So on a whim the other night I bought a ticket to a random comedy show near me.
All dressed up, get there… Crickets. Checked my email and oh… It was cancelled and I got my money back.
But I’m dressed up andand not too far from Uptown, where the Pokémon Go playing is good. So off in that direction I head.
Found a great parking spot. I thanked my Parking Goddess, and headed uphill. It was early evening, so it was somewhat quiet.
Wandering without earbuds was so awkward. I did a little shopping while noticing all the vacant shops and restaurants. Mercifully, the street’s institutions are still around.
The street was full of noise –bars scattered up and down the street, music to fit their vibe. The cigar bar had their usual big screen TV’s outside, so smokers could watch the game. (It’s been like 30 years since indoor smoking was banned in this state, right?) College football and the smell of phallic tobacco pacifiers–just as annoying to my senses at 50 as it was decades ago when this place opened.
Ooh, store with cute Hello Kitty stuff?
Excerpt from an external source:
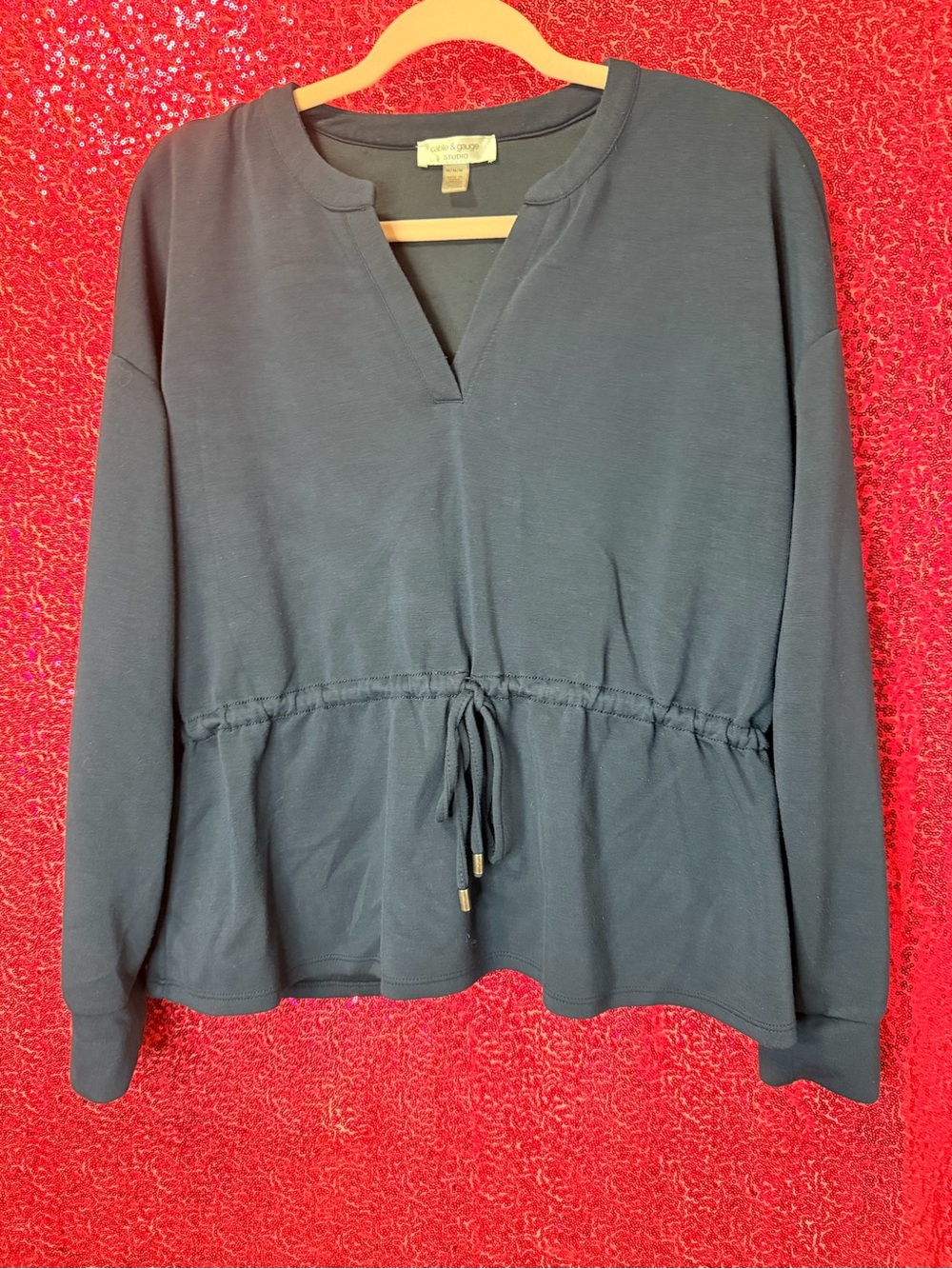 Cable & Gauge Black Drawstring Peplum Pullover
I’m down! I found an ring that reminded me of my first choice for a wedding ring–a flower, maybe not the plumeria I saw a quarter century ago, but it was cute and cheap. (The reason I didn’t get the ring is because Kevin didn’t like the soldering of the flower to the ring.) Also found my Mom’s Christmas present 🙂 I also saw a bigger version of the Hello Kitty shaped pouch I got from a thrift store earlier in the year.
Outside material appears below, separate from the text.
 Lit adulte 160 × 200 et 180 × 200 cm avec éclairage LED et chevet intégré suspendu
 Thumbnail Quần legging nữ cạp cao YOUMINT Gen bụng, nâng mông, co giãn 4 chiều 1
Into another shop further up the hill– clothing shop inspired by Pretty In Pink, a teenage favorite. I had a nice chat with the young lady there, and bought a couple more rings and a new bracelet. One ring is shaped like cat ears and will come in handy if I need to demonstrate my back fist outside the Dojang. It’s so cool.
On the other side of the street, I scored a Felix the Cat sticker at a place that was playing Bohemian Rhapsody over unbalanced speakers. One channel was quite weak. Kinda wrecked the vibe. The store is where you can get all sorts of neat stuff that covers the standard “alternative” fandom that’s been the standard in the area for longer than I’ve been alive. If I ever had a couple hundred to spend, I’d go there.
The lack of my own soundtrack was nagging my neurospicy brain. Especially after those abhorrent speakers! Up the block I head to a shop that might solve my dilemma. The smoke shop provided a corded set that pairs perfectly with the little box I use on my car to compensate for my phone’s lack of a headphone jack, which I walk back down the street to retrieve. Aah, bliss.
That damn Eevee makes a tough opponent for this newish account I have. Ah well, not really feeling like playing. I didn’t bring my portable battery either, which always makes me nervous. I could charge on the drive home, so I tossed aside the feeling and decided to focus on hatching eggs and listening to music. Maybe writing instead?
I’m hungry, as the bunch of mediocre grocery store deli nuggets I had a couple hours ago really wasn’t much of a dinner. I’m not feeling up to any of the loud, sparsely populated bars, the fancy restaurants, or the crowded mini food court built into the first floor of a corner building named after POTUS #37. (Decent pinball collection!)
The corner diner right near the raid I just bailed out of, another institution, offered a BLT, salad, and soup for less than a fast food joint. The only way I can describe the soup is divine. It felt like the love of a grandparent was the secret ingredient.
Back up the street for a Thai Tea and some time to write this all down.
Homeward bound. Driving one of the many different routes home. East then south then East down one of the longtime East/West routes that started in Los Angeles proper and ends not too long after it crosses into Orange County. But I head south long before then, towards the southern end of the longtime North/South (and kinda East/West too) routes into the foothills. Roads that are familiar and evolving. The countless number of Saturday nights that have ended with these roads over my life’s half century. Funny how I never thought much about the hills until I moved back after being gone 22 years. It was definitely more noticeable once I had to commute over it, first via stick shift and then by EV.
It’s still a tiny bit surreal I ended up back here. What a lifetime I lived while I was gone, though. But that’s for another day.
And then it’s home, at pretty much the same time I planned on being home anyway.